Data shown:
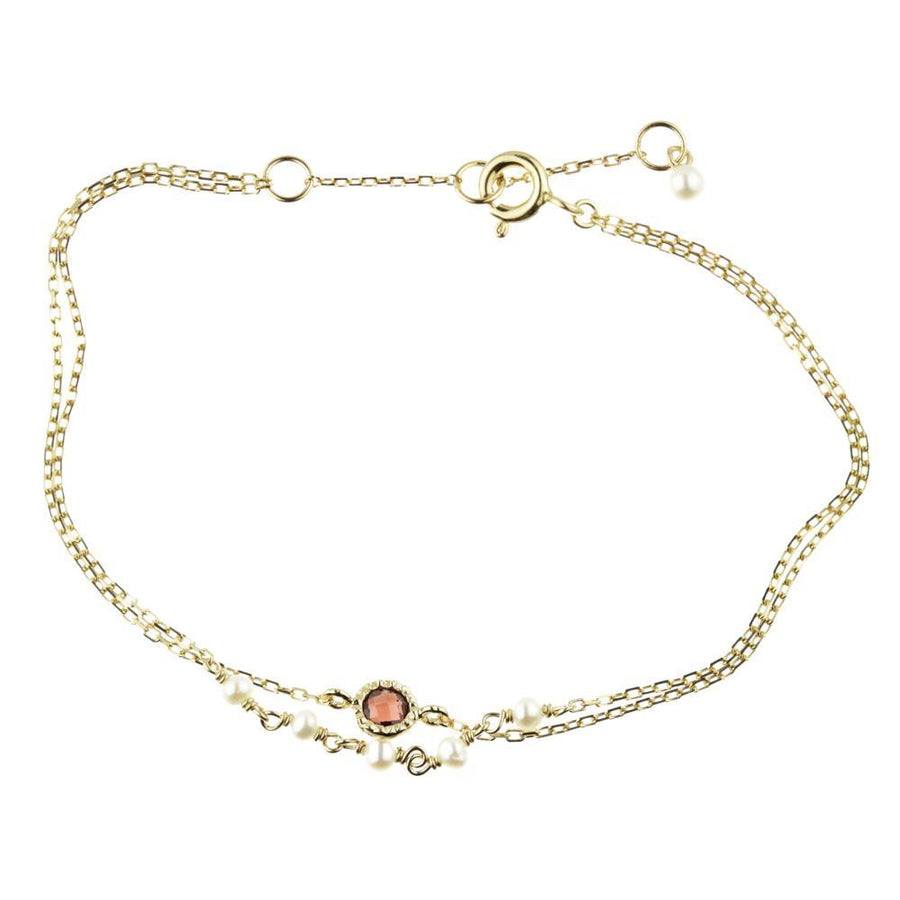 Gold Garnet & Pearl Layered Bracelet - ZuZu Jewellery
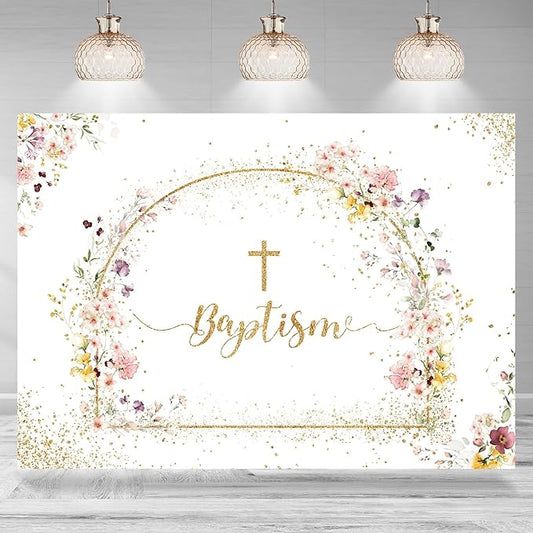 Baptism Backdrop God Bless Floral Golden Dots First Holy Communion Christening Photography Background Baptism Party Decoration Supplies Baby Shower Banner Photo Booth Studio Props 7x5ft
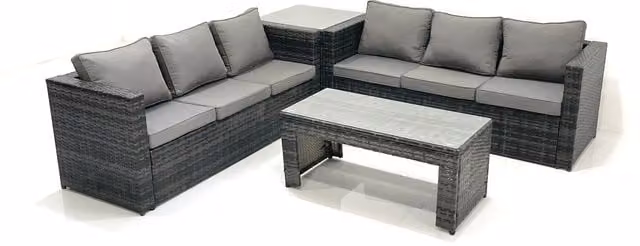 Fimous 6-Seater Outdoor Rattan Sofa Set in Dark Grey with Coffee and Side Tables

Your instructions: Return every line of the listing exactly, leaving its pictures behind.

Task solution:
 Gold Garnet & Pearl Layered Bracelet - ZuZu Jewellery
 Baptism Backdrop God Bless Floral Golden Dots First Holy Communion Christening Photography Background Baptism Party Decoration Supplies Baby Shower Banner Photo Booth Studio Props 7x5ft
 Fimous 6-Seater Outdoor Rattan Sofa Set in Dark Grey with Coffee and Side Tables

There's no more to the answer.